Thursday, September 15, 2016

Mak Ganta, Kapan-kapan Aja…

Oleh Udo Z Karzi


GUBERNUR Lampung M Ridho Ficardo berkomitmen untuk mempercepat sistem pelayanan publik untuk mendukung reformasi birokrasi di Lampung.

Dan agaknya, Pak Gub tak sekadar omong karena nyatanya Lampung mendapat penghargaan inovasi pelayanan publik dari Kemenpan-RB pada Maret 2016 lalu. Lampung masuk 12 besar kategori provinsi yang melakukan inovasi pelayanan publik melalui Rumah Sakit Keliling.


"Pelayanan publik di Lampung cukup baik," puji Deputi Bidang Pelayanan Publik Kemenpan-RB Diah Natalisa kala berkunjung ke Negeri Ujung Pulau ini, Selasa, 13/9/2016.

Yah, semoga saja memang benar ada perbaikan yang signifikan dalam pelayanan publik dari birokrasi di provinsi ini.

Dengan begitu, kita tidak akan mendengar lagi pasien ditelantarkan pihak rumah sakit. Malah yang parah, ada kisah kakek pasien sebuah rumah sakit pemda, yang dibuang di jalanan. Kita tidak menjumpai lagi ada pasien yang merasa dipersulit dalam mengurus BPJS Kesehatannya.

Paramedis bekerja dengan penuh tanggung jawab merawat dan mengobati orang sakit tanpa membedakan status sosial orang tersebut, mau miskin, mau kaya, mau rakyat jelata, mau pejabat, mau ganteng, mau jelek, ... semua sama perlakuannya.

Tugas ini memang tugas kemanusiaan karena itu petugas kesehatan akan berbuat sebaik mungkin demi meningkatkan derajat kemanusiaan itu. Harkat dan martabat manusia itu sama semua di mata Yang Mahakuasa. Karena itu, tidak ada tempat untuk merendahkan sesiapa pun, semua berhak mendapatkan pelayanan kesehatan sebagai warga negara.

Ya, itu sebenarnya inti dari keberadaan birokrasi: melayani masyarakat. Melayani berarti pula memberi kemudahan, melancarkan urusan, dan menyederhanakan masalah yang dialami warga sehingga kepentingan masyarakat dapat terakomodasi.

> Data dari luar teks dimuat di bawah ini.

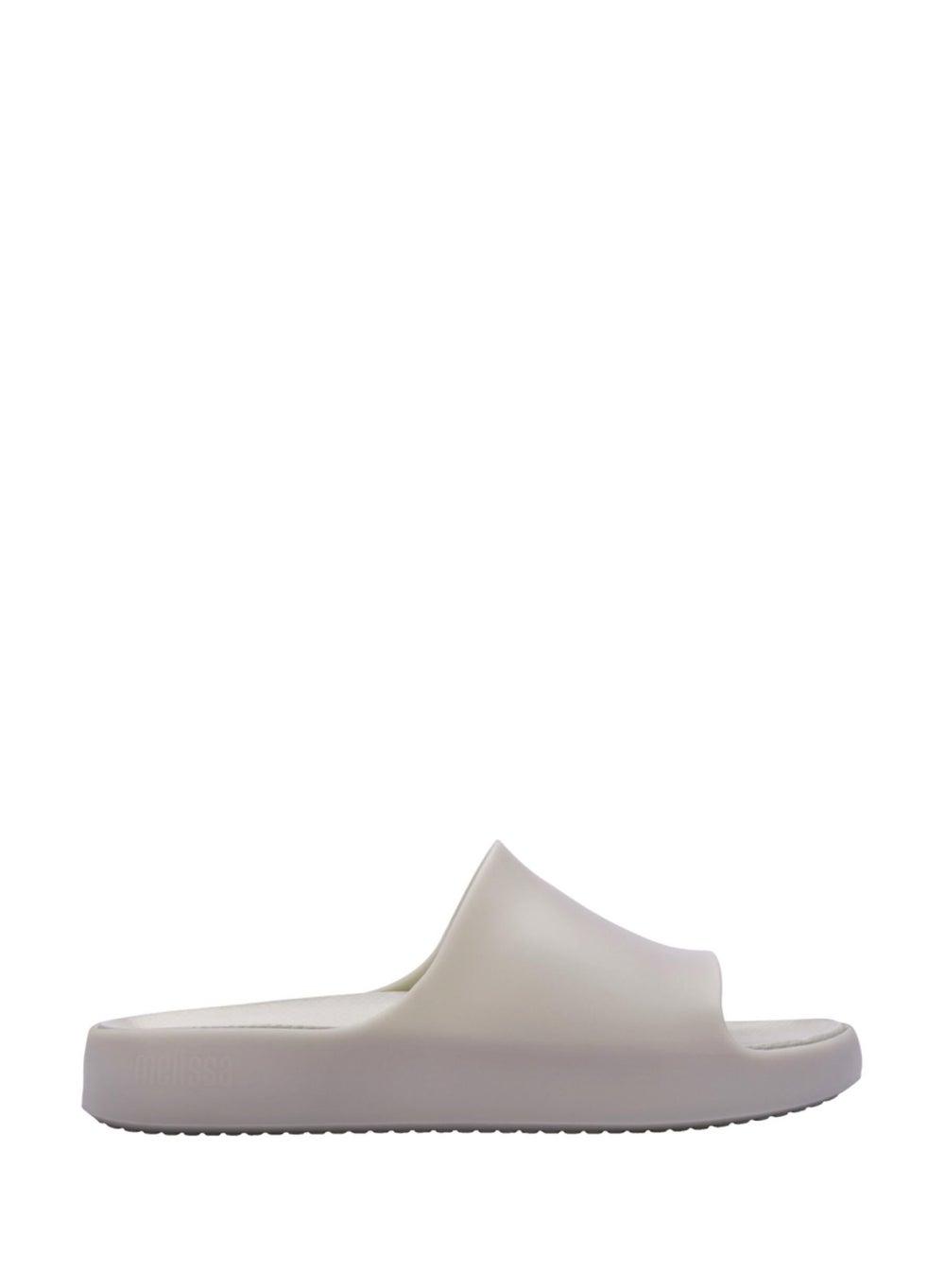 Melissa Cloud Slide Ad: Elegance in Off White - Image 1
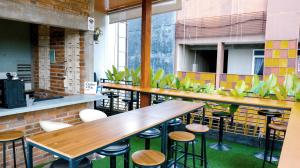 a row of tables and stools in a restaurant at Garden View by Calli Rooms in Jember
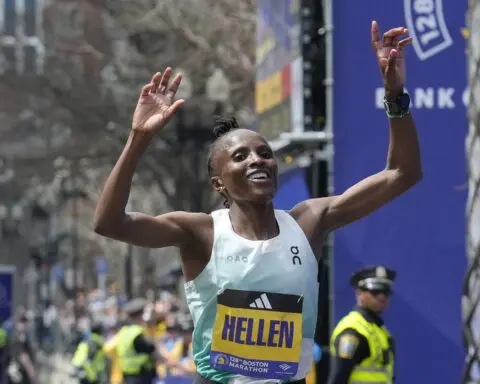 Military marchers set out from Hopkinton to start the 128th Boston Marathon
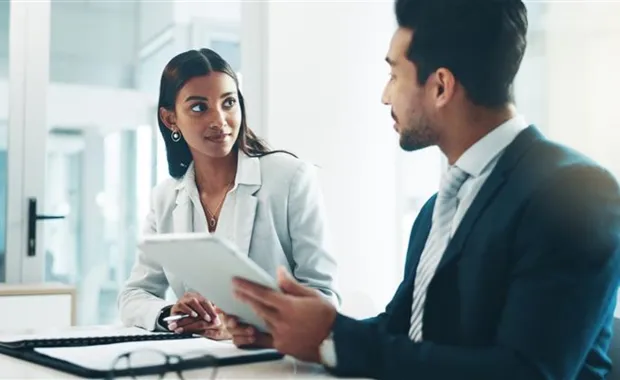 Man and women consulting on a project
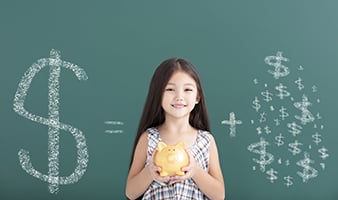 smiling girl with piggy bank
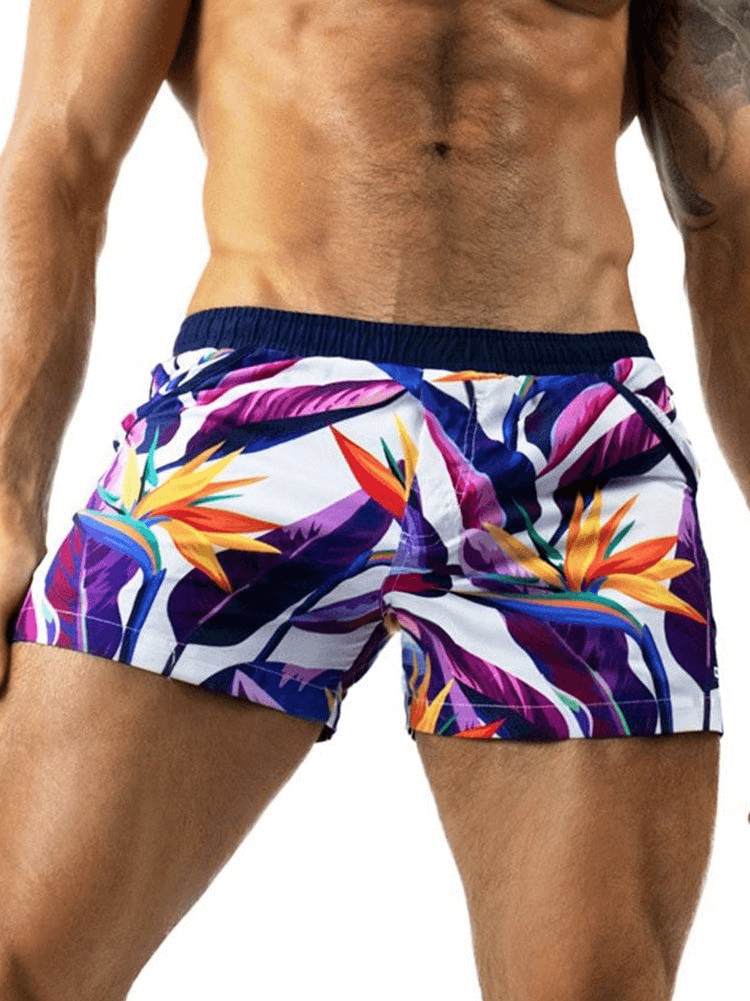 Vibrant floral men's quick-drying sports shorts, lightweight polyester for active lifestyles, ideal for running or fitness activities.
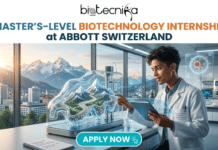 Master’s-Level Biotechnology Internship at Abbott Switzerland | Apply Now Master’s-Level Biotechnology Internship at Abbott Switzerland Apply Now "A modern, vibrant featured image for a job page. At the top, the biotecnika Global logo is placed next to the prominent title text in large, bold, blue and orange font: 'MASTER’S-LEVEL BIOTECHNOLOGY INTERNSHIP at ABBOTT SWITZERLAND'. The central image shows a diverse young male scientist (in a lab coat with a Swiss flag pin) actively interacting with unique, glowing, transparent, multi-tiered cell culture equipment featuring complex, bio-illuminated internal paths that resemble mountain trails. He is pointing with one hand at the equipment and holding a tablet in the other, with a floating holographic display of scientific cell data in front of him. Through a large, floor-to-ceiling lab window behind them, a breathtaking and clear view of snow-capped Swiss Alps, a river, and a modern city skyline is visible at sunrise. Benches hold a microscope and other lab tools, including a spiral notebook with handwritten German and French notes. At the bottom center, a rounded blue-green button with white text reads 'APPLY NOW' with a pointer icon. The overall style is high-tech, clean, and ambitious."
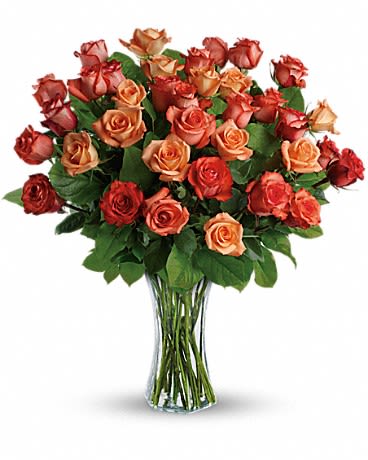 Bouquet of orange and red roses in a clear glass vase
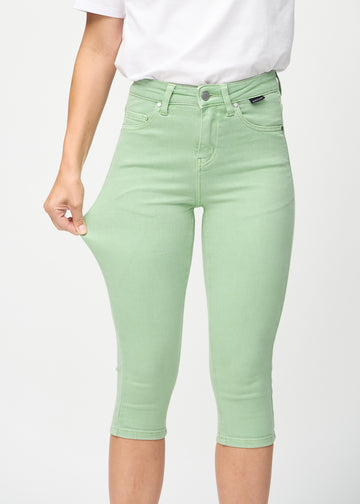 Skinny-capris til kvinner i pastellgrønt jeansstoff, fargen Mints. En modell strekker stoffet for å vise fleksibiliteten.
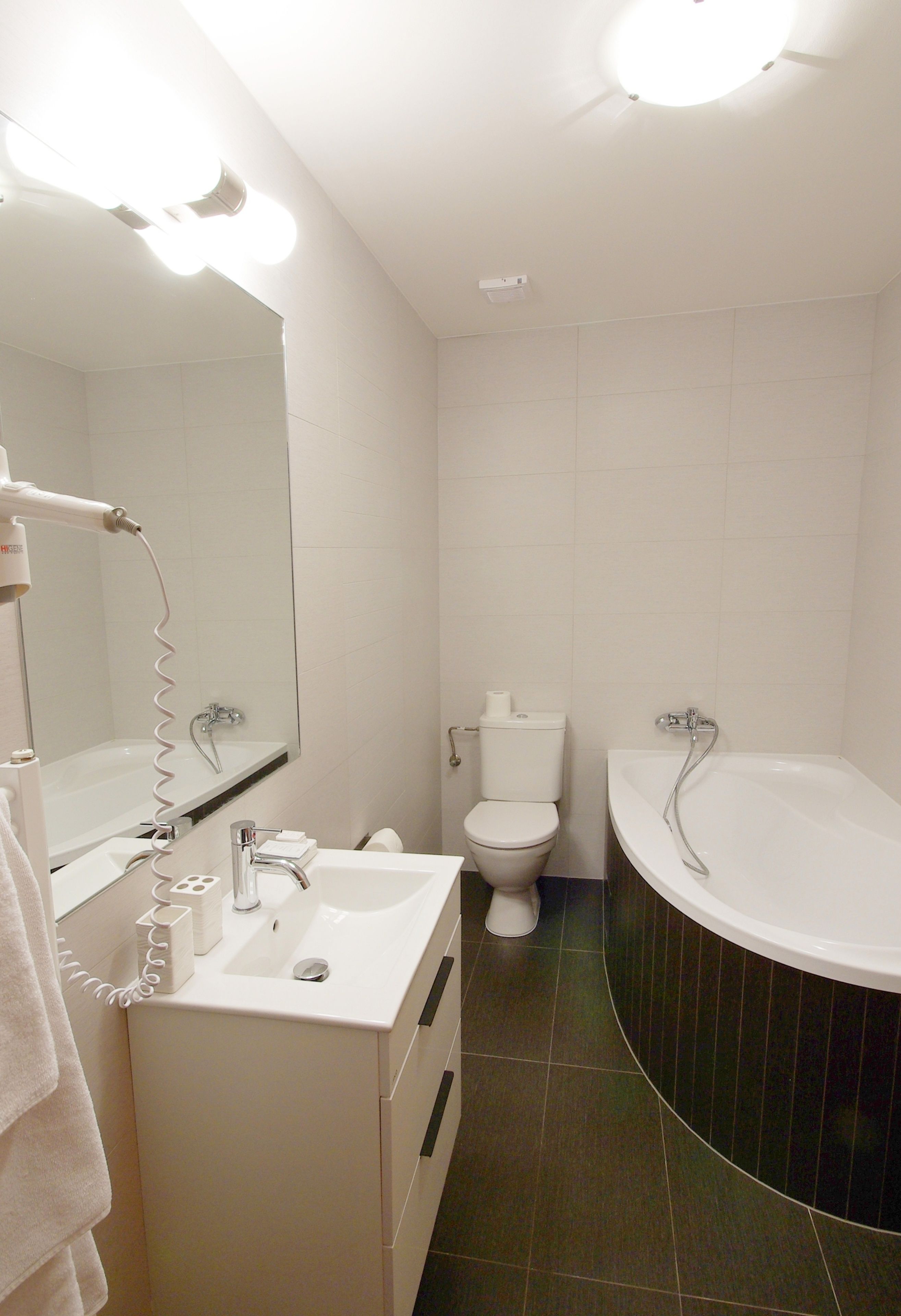 Un baño con lavabo, espejo, inodoro y bañera.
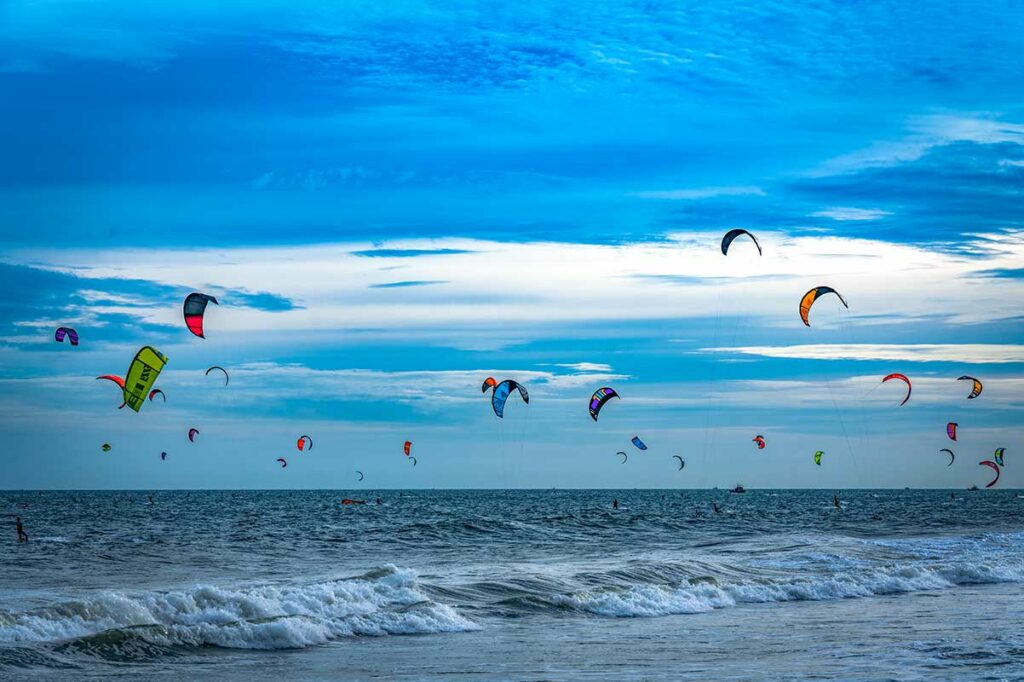 Tientallen kleurrijke kitevliegers in de lucht boven de zee van Mui Ne bij bewolkte hemel — een typisch beeld tijdens het kitesurfseizoen in Mui Ne
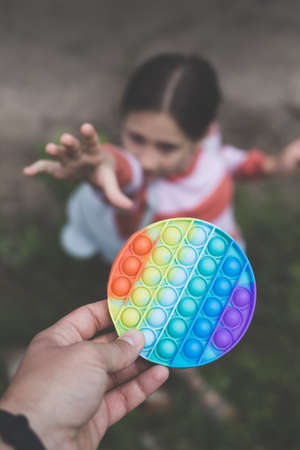 A little cute girl is trying to take away from her father a silicone toy-antistress pop itの写真素材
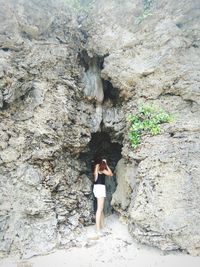 Woman standing at cave entrance
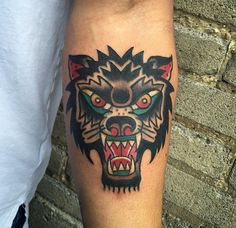 a man with a tattoo on his arm has a wolf's head in the center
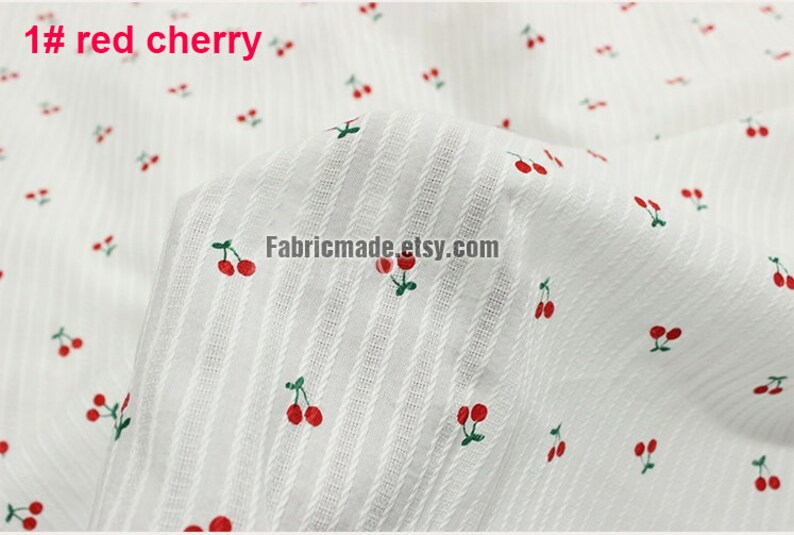May include: White fabric with a repeating pattern of red cherries. The fabric has a subtle striped texture. The text "1# red cherry" is visible in the top left corner.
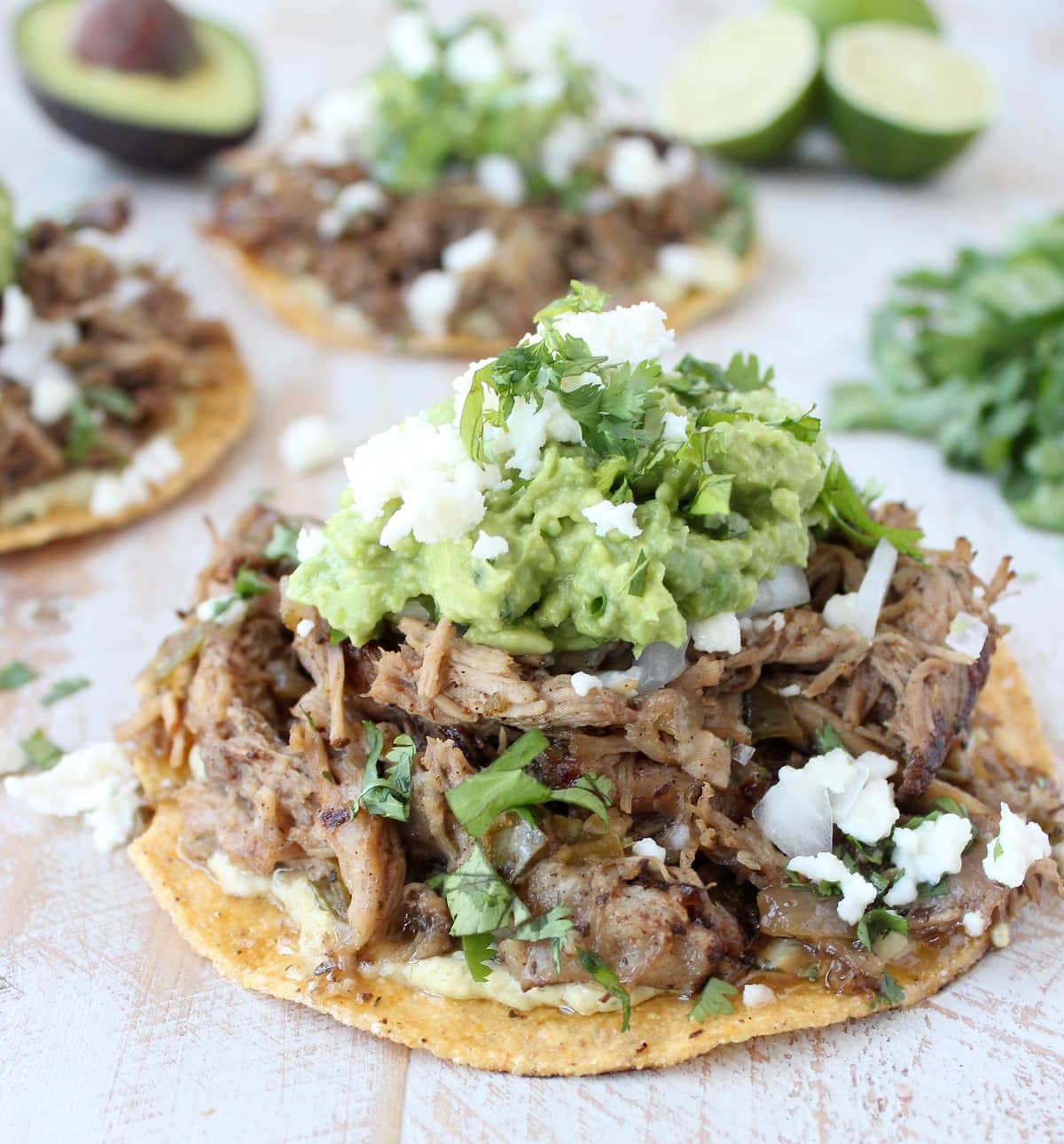 shredded carnitas pork on tostada shell, topped with guacamole and cotija cheese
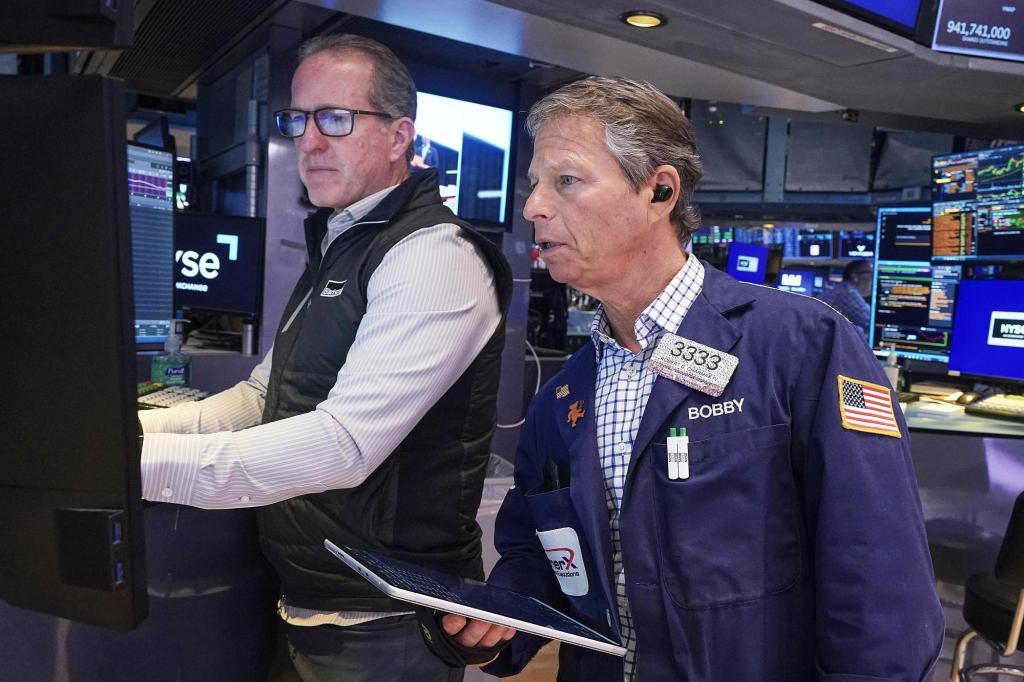 Wall Street catches up to gains made by world markets the day before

Kalau itu yang berlaku dalam tubuh birokrasi, alangkah senangnya kita sebagai warga negara. Alangkah indahnya kehidupan berbangsa-bernegara kita jika kita menemukan senyum, tutur kata, dan sikap ramah dari para birokrat ketika kita berurusan dengan mereka di setiap tingkatan pemerintahan di negeri ini.

Pokoknya, asyik!

Tapi, astaga, seorang teman bercerita tentang anaknya yang berobat ke rumah sakit pemerintah. Tak usah diceritakan mengenai cara pelayanan rumah sakit, tetapi betapa ironinya. Anaknya sakit mata, tetapi dari apotek malah memberi anaknya obat tetes telinga. Salah resep.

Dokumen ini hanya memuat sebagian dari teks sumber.